Definition of a run-on sentence A sentence in which two or more independent clauses are joined with no punctuation or conjunction at all. The sample on the last slide was NOT a run- on sentence! It contained only ONE independent clause. A run-on sentence is not simply a very long sentence.
How can I fix a run-on sentence? We have established that a run-on sentence is a sentence that contains (at least) two independent clauses. We can fix a run-on sentence by: – Writing the independent clauses as separate sentences by separating them with a period – Inserting a semi-colon between the independent clauses – Inserting a conjunction (such as ‘and’ or ‘but’) between the independent clauses
Writing the independent clauses as separate sentences Example of a run-on sentence: The bus is late we won’t make it to the concert on time. Correction: The bus is late. We won’t make it to the concert on time.
Inserting a semi-colon between the independent clauses Example of a run-on sentence: The bus is late we won’t make it to the concert on time. Correction: The bus is late; we won’t make it to the concert on time.
Inserting a conjunction between the independent clauses Example of a run-on sentence: The bus is late we won’t make it to the concert on time. Correction: The bus is late, so we won’t make it to the concert on time.

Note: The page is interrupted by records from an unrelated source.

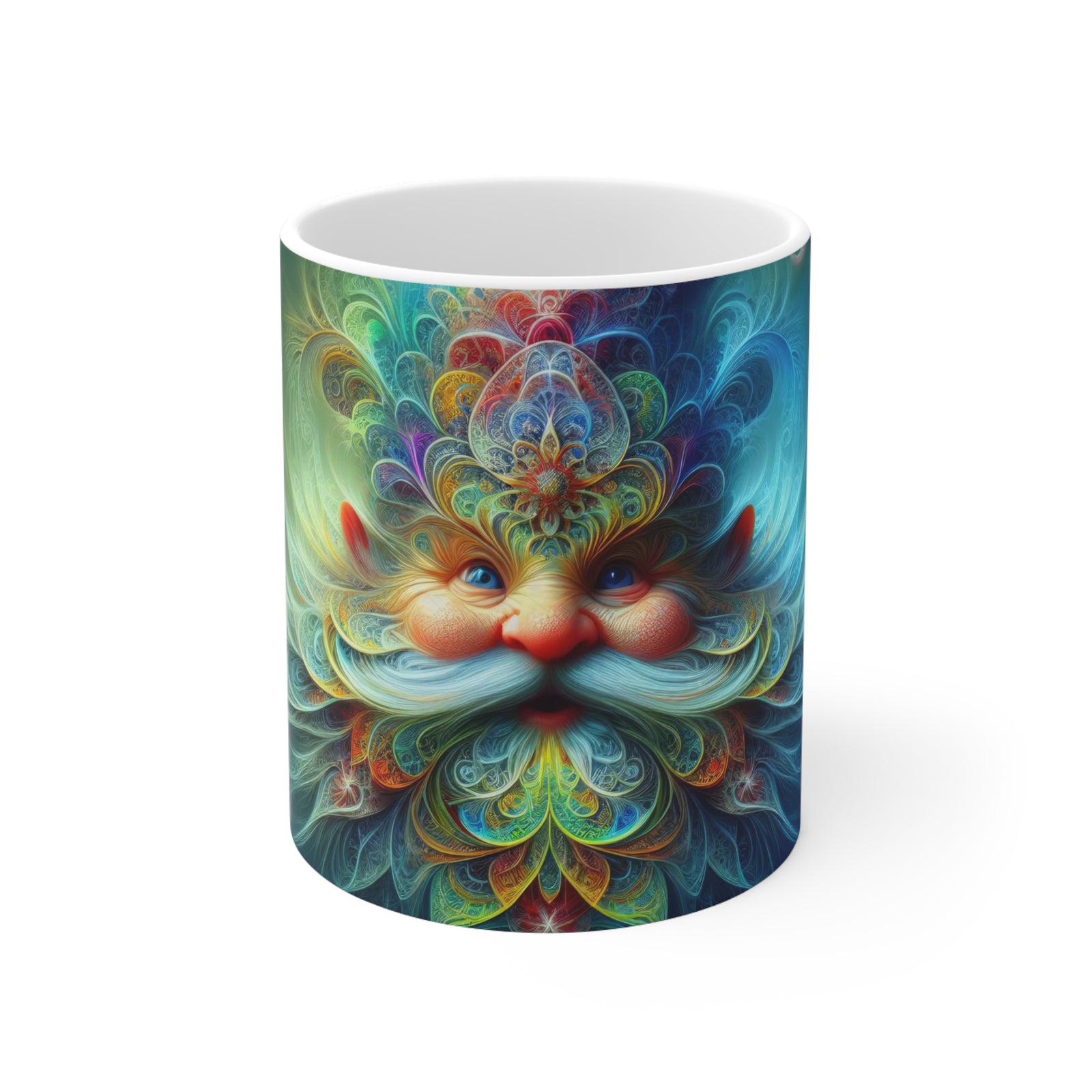 Enchanted Laughter Ceramic Mug 11oz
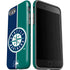 MLB Seattle Mariners Split iPhone SE (2nd & 3rd Gen) Pro Case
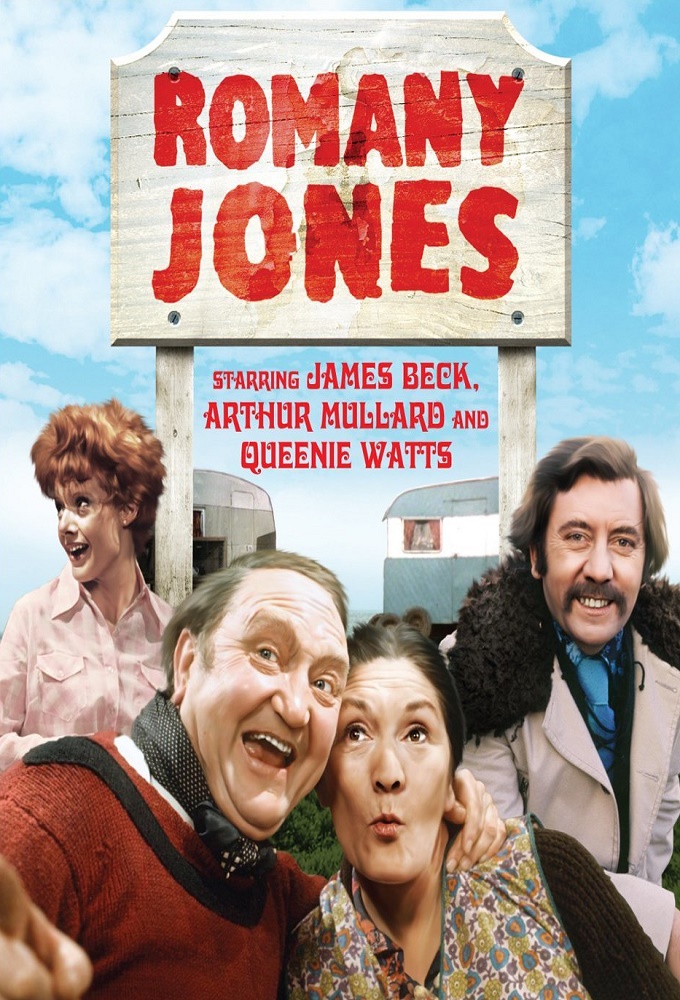 Romany Jones - TV Show Poster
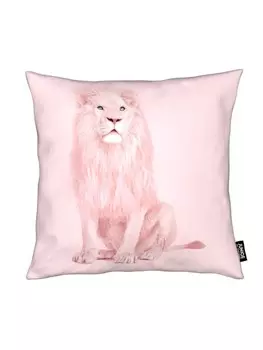 Подушка Juniqe, розовый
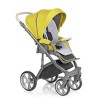Коляска 2 в 1 Roan Bass Soft Summer Melon (Роан Басс Софт Саммер Мелон)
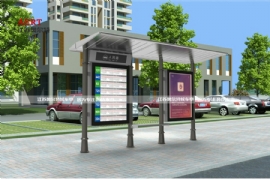 公交候車亭在實用功能方麵應考慮哪些因素？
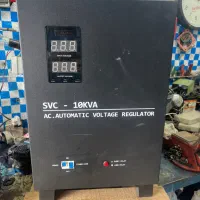 استابلایزر آلجا ۱۰ kva سروو موتور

Inserting a conjunction between the independent clauses Generally you would place a comma followed by a conjunction separating the independent clauses. It is NOT correct to simply insert a comma between independent clauses. To do so would create a….
Comma Splice A comma splice occurs when independent clauses are connected by only a comma. If you use a comma to connect independent clauses, the comma must be accompanied by a conjunction such as ‘and’, ‘but’, ‘for’, ‘nor’, ‘yet’, ‘or’, ‘so’.
Comma Splice You would correct a comma splice as you would a run-on sentence: – Writing the independent clauses as separate sentences – Inserting a semi-colon between the independent clauses – Inserting a conjunction (such as ‘and’ or ‘but’) between the independent clauses
Comma Splice Example of a comma splice: It’s getting late, I’m tired. Corrections: It’s getting late. I’m tired. It’s getting late; I’m tired. It’s getting late, and I’m tired.
Sentence Fragment A fragment is an incomplete sentence. A sentence fragment does not contain an independent clause. There needs to be proper subject-verb agreement for a sentence to stand on its own. A ‘fragment’ of a sentence does not give us the ‘complete thought’.
Sentence Fragment Example: Sailing into the new world in an effort to make a better life for his family. This is a verbal phrase that wants to modify something. The real subject of the sentence has yet to be inserted at the end of this fragment.
Sentence Fragment Example: All the workers picketing at the plant last month. An ‘–ing’ verb form without an auxiliary form to accompany it can never be a verb.
Sentence Fragment Example: Even though she had the best marks in the class. This is an example of a ‘dependent clause’. This fragment needs to be followed by an independent clause. We know that this sentence cannot stand by itself because of the subordinating conjunction ‘even though’.
Sentence Fragment Just as a very long sentence is not necessarily a ‘run-on’ sentence, a very short sentence need not be a ‘fragment’. For example: Go! I ate. It’s gone.